Doctor Who_ Corpse Marker - Chris Boucher [18]
I must stop wasting time in idle speculation, the Doctor thought. I haven’t established for certain that they do communicate mysteriously and I’m already considering the telepathy of clones or possibly the cloning of telepaths.
Actually process cloning was not particularly unusual though the Doctor had seldom come across it in his travels. He had more often heard rumours of the practice and the bizarre side-effects it supposedly sometimes threw up. He never paid much attention to rumours of any kind, however, treating them with the same fine contempt that he reserved for anything which began with the words: It’s a wel -known fact that... or It is against the word of god to...
‘People! People?’ he called again. ‘Hullo? Do any of you know how to get out of here? Is there the remotest possibility that any of you know where you are supposed to go?’
There was no pointing this time. In fact most of them stopped what they were doing and turned to him and stood waiting patiently and respectfully.
‘I see,’ he said and smiled cheerfully around at them. ‘You expect me to tell you where you’re supposed to go. There is a tiny problem with that. I have no more idea than you seem to have. I have no idea where you’ve come from, or where you’re going, or why.’ He shrugged and groped about in the pocket of his long coat. ‘The basic questions are: what, where, when, how, why?’ he said. ‘And we don’t have the glimmer of an inkling about any of them, do we?’ He pulled a battered paper bag from his pocket. ‘Anyone for a jelly baby?’ he asked, taking one himself and offering the bag. No one moved to take one. He put the bag away. ‘You don’t know what you’re missing,’ he said.
‘They’re extremely good. In my view the availability of jelly babies is one of the indicators of a mature civilisation.’ He chewed thoughtfully ‘To get out of this, he said, ‘we need a leap of imagination and originality. I know.’ He snapped his fingers and beamed. ‘We’ll try the doors.’
As the Doctor strode towards the doors the groups of people followed after him. They were smiling and if he had been paying closer attention the Doctor would have seen that all of them were making small chewing motions with their jaws.
A Company flier would have got him there quicker - which was one of the reasons why Uvanov chose to travel by tracked ground-runner instead. He couldn’t do a blind thing to stop the disaster that was happening at the central service facility but if he arrived too soon he could be available to take the blame for it.
No sane person wanted to be senior man on the ground when the ground was burning.
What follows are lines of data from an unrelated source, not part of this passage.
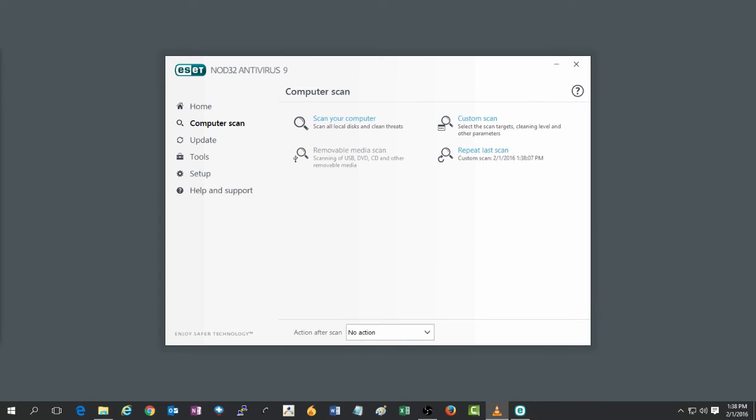And that's all there is to it to start a virus scan on ESET version 9. Feel free to check out microcenter.com and head over to the tech center for more articles and videos on ESET and a variety of other topics. As always, we thank you for watching and have a wonderful day.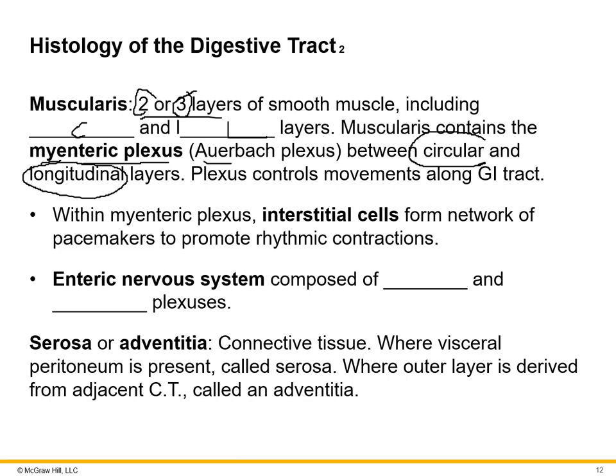Those neurons and nerve endings live between the circular and longitudinal muscles. Importantly, there are cells called interstitial cells that live as part of the myenteric plexus and work as little cellular pacemakers. They depolarize rhythmically every few seconds, causing peristalsis and segmentation movements within the muscular layers. To recap, the enteric nervous system is composed of the submucosal plexus and the myenteric plexus.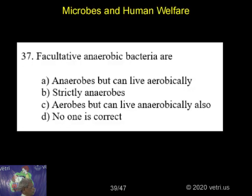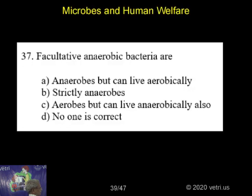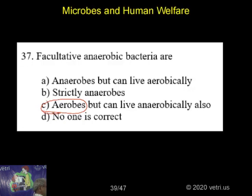They are aerobes, basically they are aerobic bacteria, but they can live anaerobically also.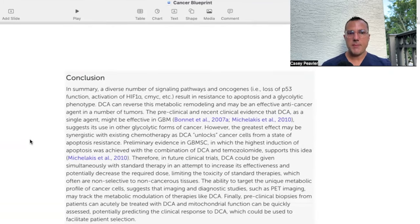The ability to target the unique metabolic profile of cancer cells suggests that imaging studies such as PET imaging may track metabolic modulation of therapies like DCA. Preclinical biopsies from patients can acutely be treated with DCA and mitochondrial function quickly assessed, potentially predicting clinical response. That said, this is risky given we're talking about GBM — a brain tumor — where we'd be opening the skull for a biopsy when we know for the most part that almost all cancer utilizes Warburg metabolism and glycolytic phenotypes. It seems safer just to give it a trial.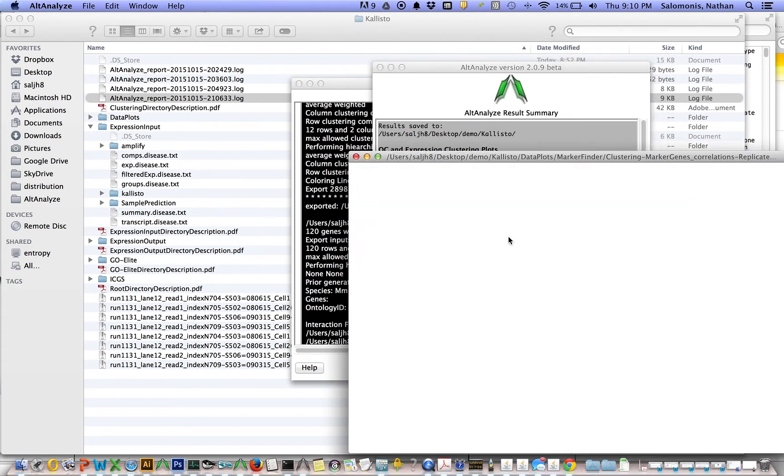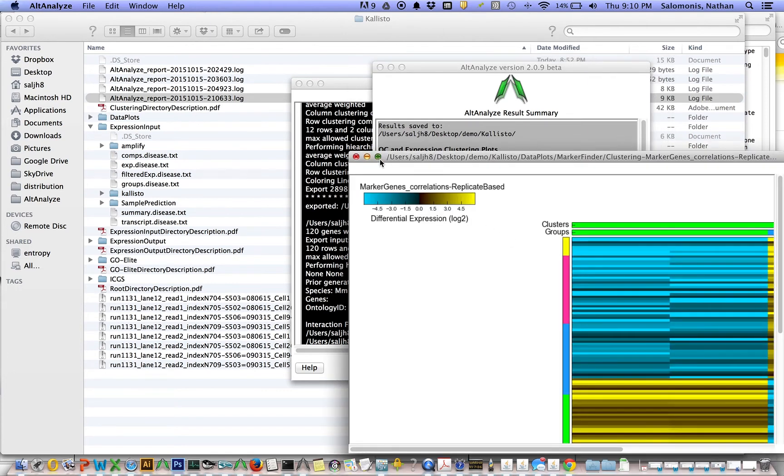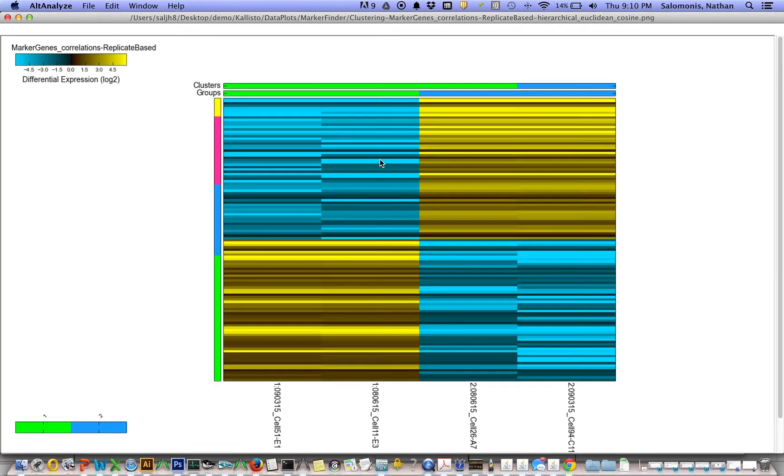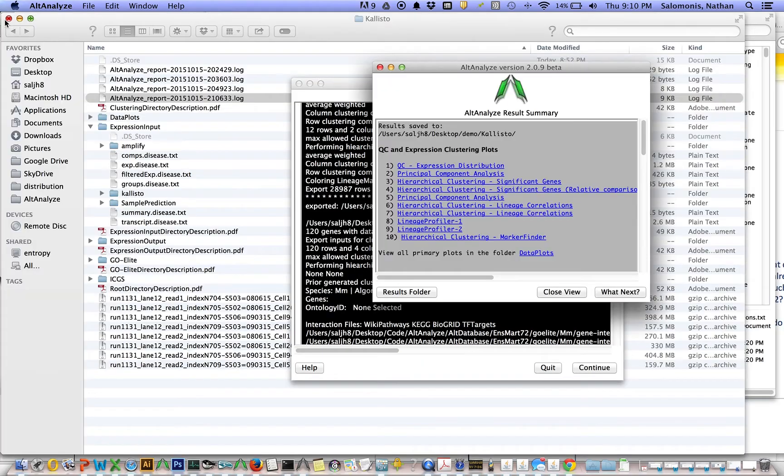There are also something called marker finder results. These are the genes that had the best described expression restricted to either group 1 or group 2 in our analysis.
If you were astute and ambitious like he was you got to such foul-ups when the smoke was beginning to clear. By then it was obvious what needed to be done and who was responsible for not doing it. If you got the timing right you could claim the credit for clearing up the mess without any serious risk of soiling your hands or your precious reputation.
You could be the expert of the moment: everybody’s favourite fire-fighter. Timing was everything, and the instinct for the rhythms of a desert storm that had made Uvanov a great mine captain seemed to serve him just as well in the windy wastelands of Company politics.
‘The flier would have been quicker,’ Cailio Techlan remarked, shuffling through from the driving cabin to the passenger pod. She handed him the printouts, sat down opposite him and twisted round to peer at one of the forward observation screens.
Uvanov ignored her implied criticism. ‘The production runs don’t seem to have been interfered with,’ he said, looking through the new data sheets. ‘Are the technicians responsible for Dome Six in the dome itself or at the monitoring centre?’
‘You’re asking me?’ she said, managing to put incredulity and boredom into the flat monotone she affected.
‘I’m telling you to call the service facility and check,’ Uvanov said. ‘What, now?’
‘Yes, now.’
‘Dome Six? Why do you want to know about Dome Six especially?’
Uvanov leaned forward so that his face was close to hers.